C/ Jorge Juan, 6 www.aepd.es
28001 – Madrid sedeagpd.gob.es 5/13








• Sending periodic communications to the face-to-face and telephone channel, as well as to the
logistics operator, where it is alerted to the risk scenarios detected, its
characteristics and behavior patterns to prevent new cases. In these

communications include details of how these requests are produced, channels to
through which they are requested, documentation they provide, description of the
handling, geographic areas where the cards are being collected/delivered
Duplicate SIMs.

• Application -if applicable-, of the existing Penalty Policy for agents or
distributors who carry out any duplicate or change of a SIM card without having

required documentation or to carry out any SIM change management without
Follow all the steps defined in the Security Policy.

Regarding the carrying out of transactions of the entity "BIZUM" of
fraudulent nature revealed by the claimant in her claim, it is
opportune to express that the change of a SIM card only implies access to the
telephone line associated with it, and not the bank details of the holder.
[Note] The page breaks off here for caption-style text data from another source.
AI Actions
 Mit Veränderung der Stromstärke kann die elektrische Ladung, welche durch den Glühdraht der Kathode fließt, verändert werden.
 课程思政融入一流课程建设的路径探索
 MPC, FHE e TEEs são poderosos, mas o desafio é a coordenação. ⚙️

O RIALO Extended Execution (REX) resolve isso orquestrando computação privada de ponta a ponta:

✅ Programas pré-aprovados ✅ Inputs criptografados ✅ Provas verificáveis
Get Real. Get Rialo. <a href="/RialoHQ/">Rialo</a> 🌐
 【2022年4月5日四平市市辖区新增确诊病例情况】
Therefore, it does not seem possible that there is a correlation between the events that occurred in
relationship with my client and what happened with the bank of which he is a client
the claimant. In this sense, the bank movements that he alleges in his
claim do not have their origin, nor have they been caused by invoices for
Vodafone services that he had contracted, but are due to accesses
made through your bank account. Therefore, Vodafone cannot

be responsible for the accesses and banking movements that could have been
made fraudulently.

With all this, we can confirm that currently my client has carried out
all pertinent actions to resolve the claim, estimating that
has been correctly resolved prior to the receipt of this

written. Attached, as Document number 5, report of the investigations
internal actions carried out by Vodafone to solve this incident”.
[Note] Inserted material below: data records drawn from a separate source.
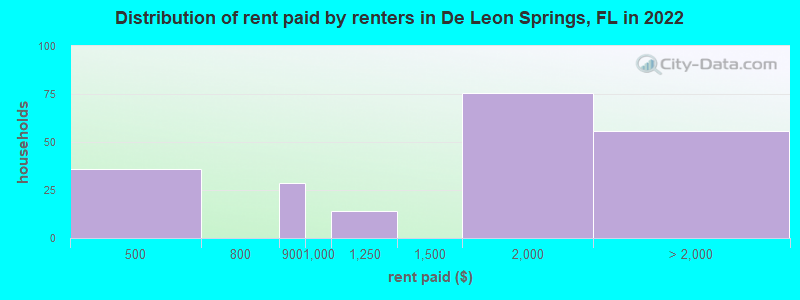 Distribution of rent paid by renters in De Leon Springs, FL in 2022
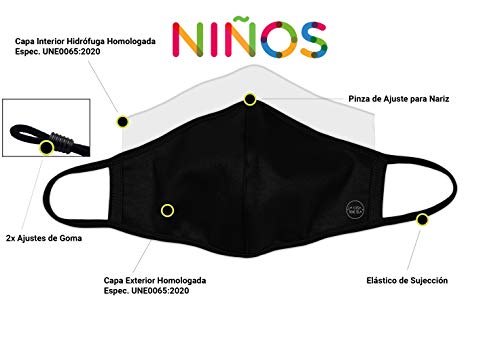 Pack Mascarillas de Tela Reutilizable Homologadas - Infantil Rojo/Negro/Azul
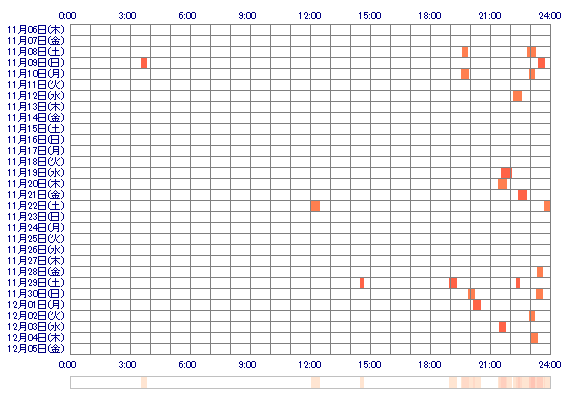 mmnni 30日間のログイン履歴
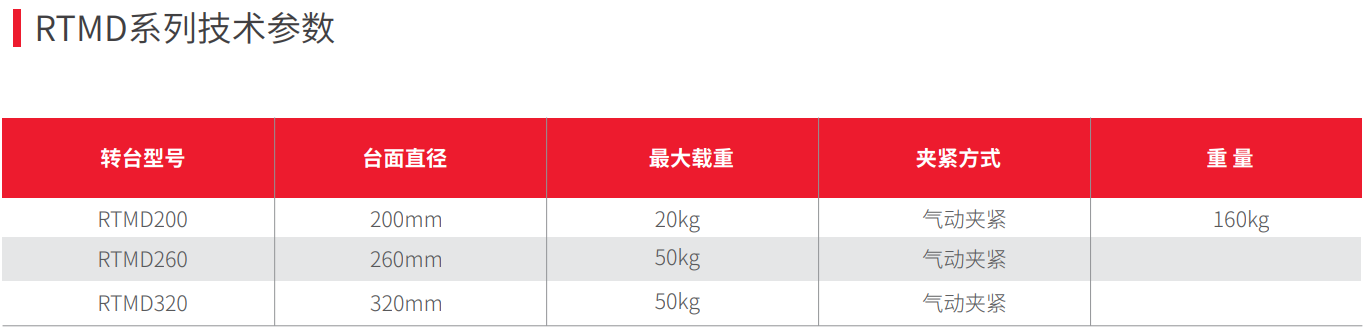 德瑪特五軸直驅(qū)數(shù)控轉(zhuǎn)臺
THIRD: On May 30, 2022, in accordance with article 65 of the
LOPDGDD, the claim presented by the claimant party was admitted for processing.



                           FUNDAMENTALS OF LAW

                                           Yo

In accordance with the powers that article 58.2 of Regulation (EU) 2016/679
(General Data Protection Regulation, hereinafter GDPR), grants each

control authority and as established in articles 47, 48.1, 64.2 and 68.1 of the
Organic Law 3/2018, of December 5, Protection of Personal Data and
guarantee of digital rights (hereinafter, LOPDGDD), is competent to
initiate and resolve this procedure the Director of the Spanish Protection Agency
of data.


Likewise, article 63.2 of the LOPDGDD determines that: "Procedures
processed by the Spanish Data Protection Agency will be governed by the provisions
in Regulation (EU) 2016/679, in this organic law, by the provisions
C/ Jorge Juan, 6 www.aepd.es
28001 – Madrid sedeagpd.gob.es 6/13








regulations dictated in its development and, insofar as they do not contradict them, with character
subsidiary, by the general rules on administrative procedures.”


                                            II

The defendant is accused of committing an infraction for violation of article 6
of the RGPD, "Legacy of the treatment", which indicates in its section 1 the assumptions in which
that the processing of data by third parties is considered lawful:

"1. Processing will only be lawful if at least one of the following is fulfilled
conditions:


a) the interested party gave his consent for the processing of his personal data
for one or more specific purposes;

b) the treatment is necessary for the execution of a contract in which the interested party
is part of or for the application at the request of the latter of pre-contractual measures;
c) the processing is necessary for compliance with a legal obligation applicable to the
responsible for the treatment;

d) the processing is necessary to protect the vital interests of the data subject or of another

Physical person;

e) the treatment is necessary for the fulfillment of a mission carried out in the interest
public or in the exercise of public powers conferred on the data controller;

f) the treatment is necessary for the satisfaction of legitimate interests pursued
by the person in charge of the treatment or by a third party, provided that on said
interests do not outweigh the interests or fundamental rights and freedoms of the

interested party that require the protection of personal data, in particular when the
interested is a child. The provisions of letter f) of the first paragraph shall not apply.
application to processing carried out by public authorities in the exercise of their
functions”.

 The infringement is typified in article 83.5 of the GDPR, which considers as such:




"5. Violations of the following provisions will be penalized, in accordance with the
section 2, with administrative fines of a maximum of 20,000,000 EUR or,
in the case of a company, an amount equivalent to a maximum of 4% of the
total annual global business volume of the previous financial year, opting for
the highest amount:


a) The basic principles for the treatment, including the conditions for the
consent in accordance with articles 5,6,7 and 9.”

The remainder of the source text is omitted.